**TASK TO CARRY OUT:**
Return all of the entries exactly, but do not include the pictures.

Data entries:
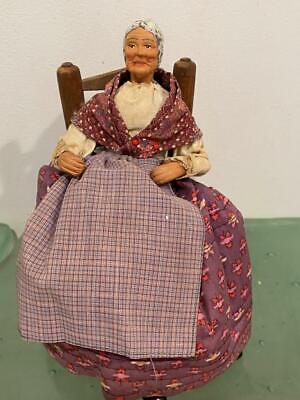 France Vtg Santon Doll Figure Seated Grandmother Terra Cotta Wood Chair 8"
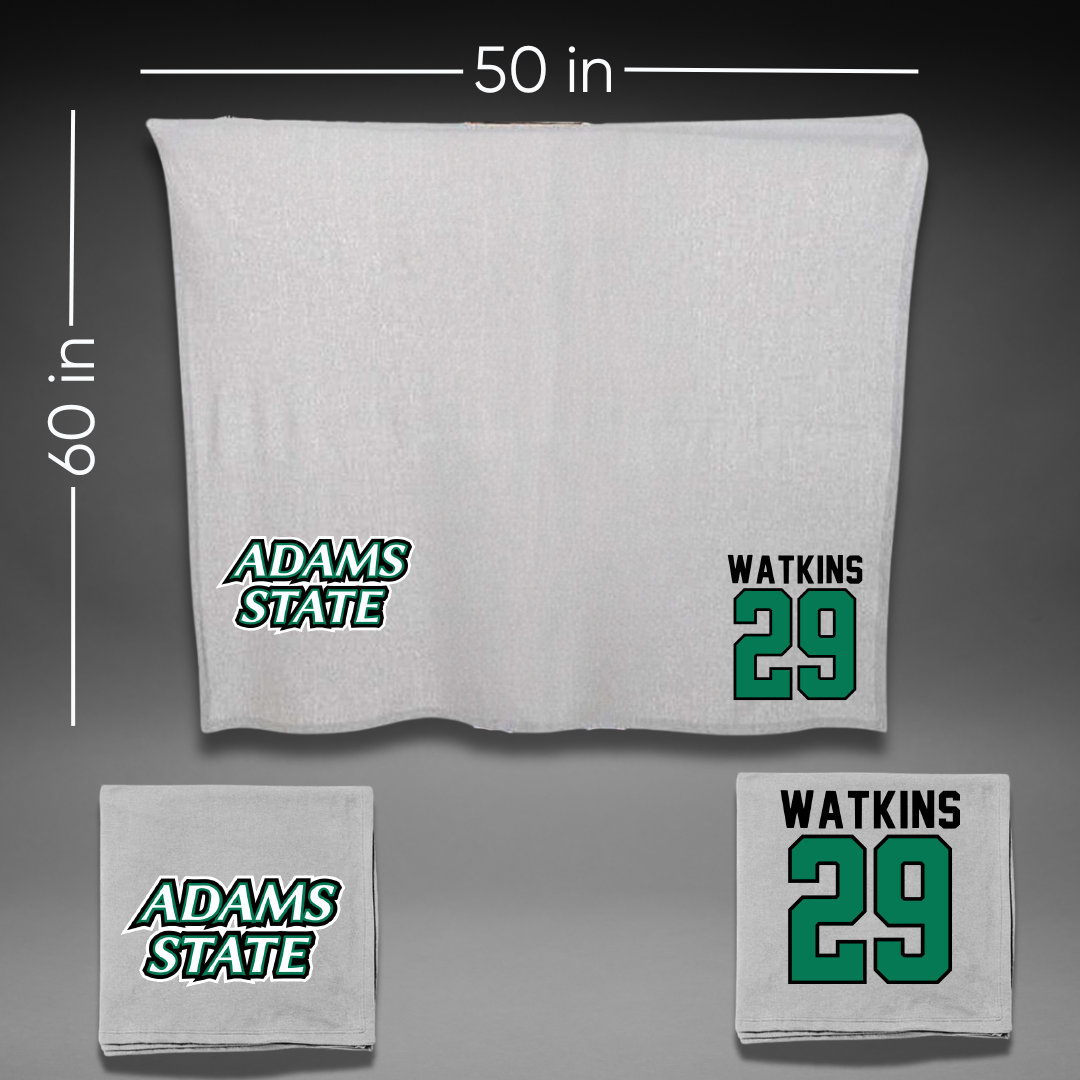 Adams State University Baseball Gray Blanket - #29 Braden Watkins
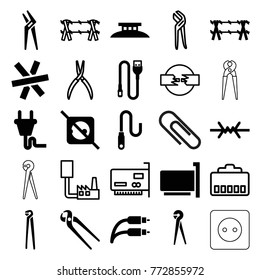 Set of 25 wire filled and outline icons such as pliers, no plug, earphone wire, phone connection cable, plug, phone cable, cable, plug socket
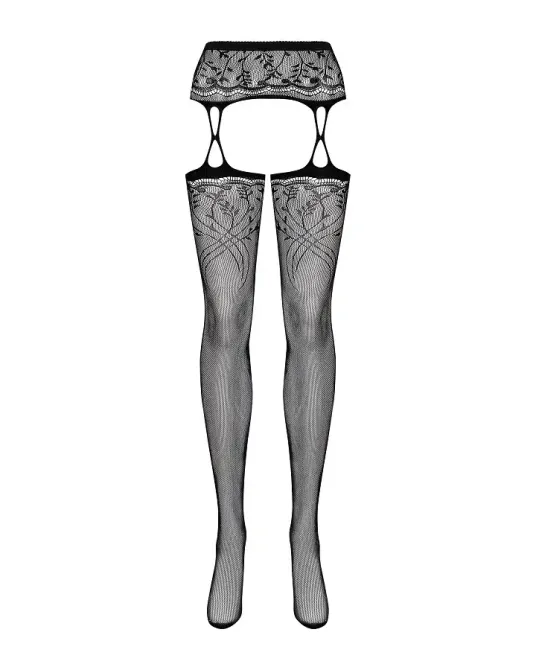 Панчохи-стокінги з рослинним малюнком Obsessive Garter stockings S206 black S/M/L чорні, імітація га Львов - изображение 5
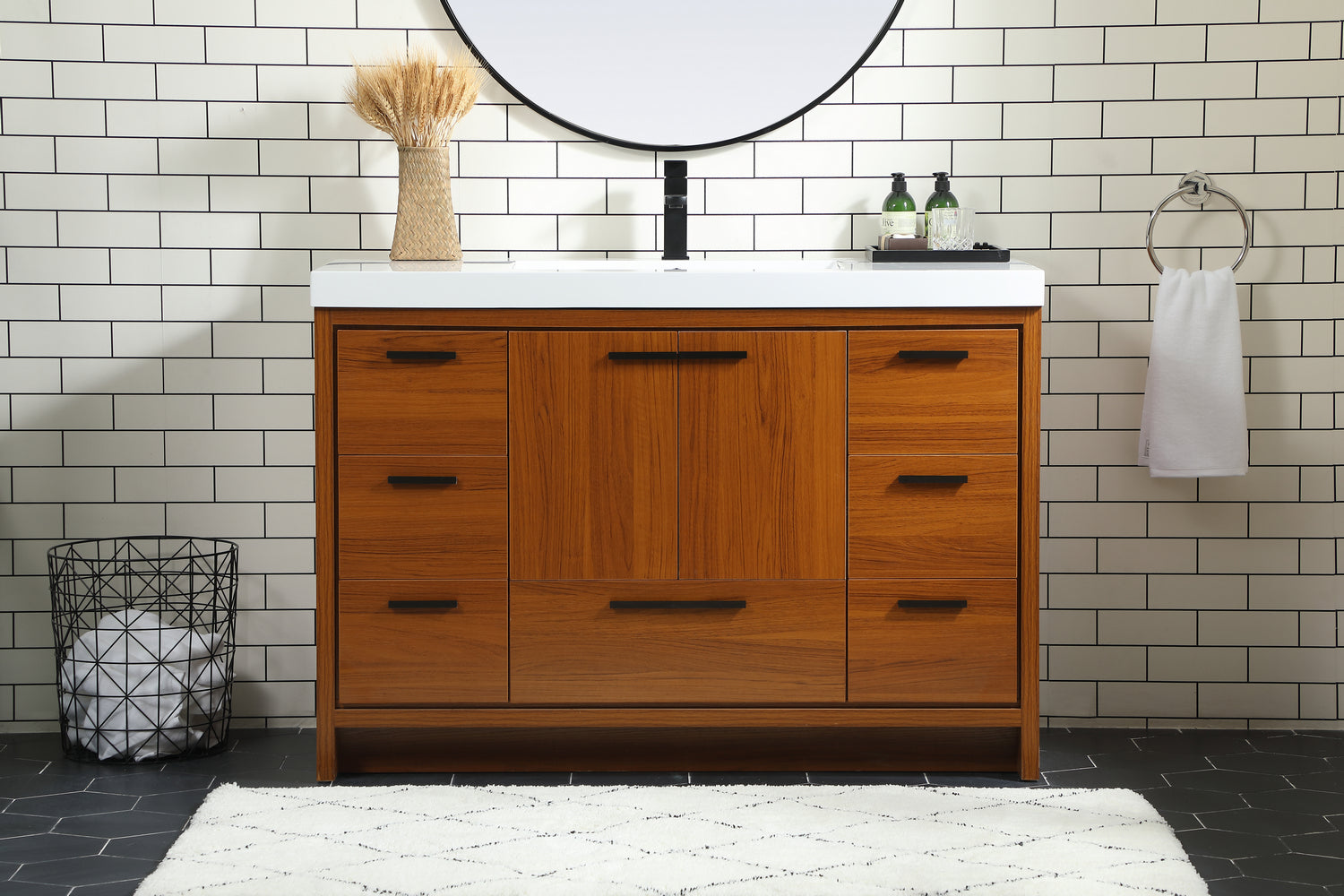 Elegant Lighting - VF46048MTK - Bathroom Vanity Set - Wyatt - Teak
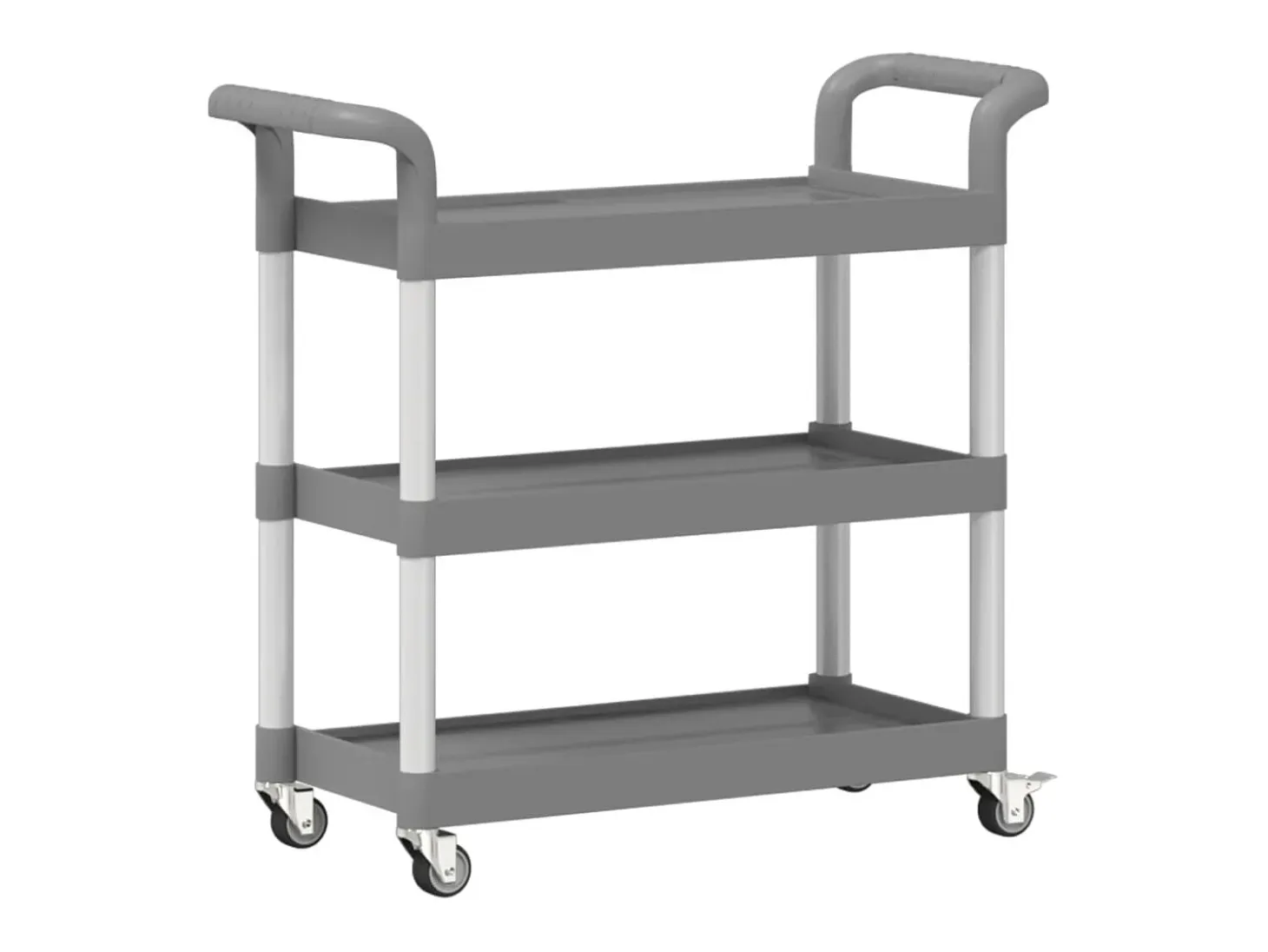 Carrito de 3 niveles aluminio gris 77x34x72 cm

**OUTPUT:**
 France Vtg Santon Doll Figure Seated Grandmother Terra Cotta Wood Chair 8"
 Adams State University Baseball Gray Blanket - #29 Braden Watkins
 Set of 25 wire filled and outline icons such as pliers, no plug, earphone wire, phone connection cable, plug, phone cable, cable, plug socket
 Панчохи-стокінги з рослинним малюнком Obsessive Garter stockings S206 black S/M/L чорні, імітація га Львов - изображение 5
 Elegant Lighting - VF46048MTK - Bathroom Vanity Set - Wyatt - Teak
 Carrito de 3 niveles aluminio gris 77x34x72 cm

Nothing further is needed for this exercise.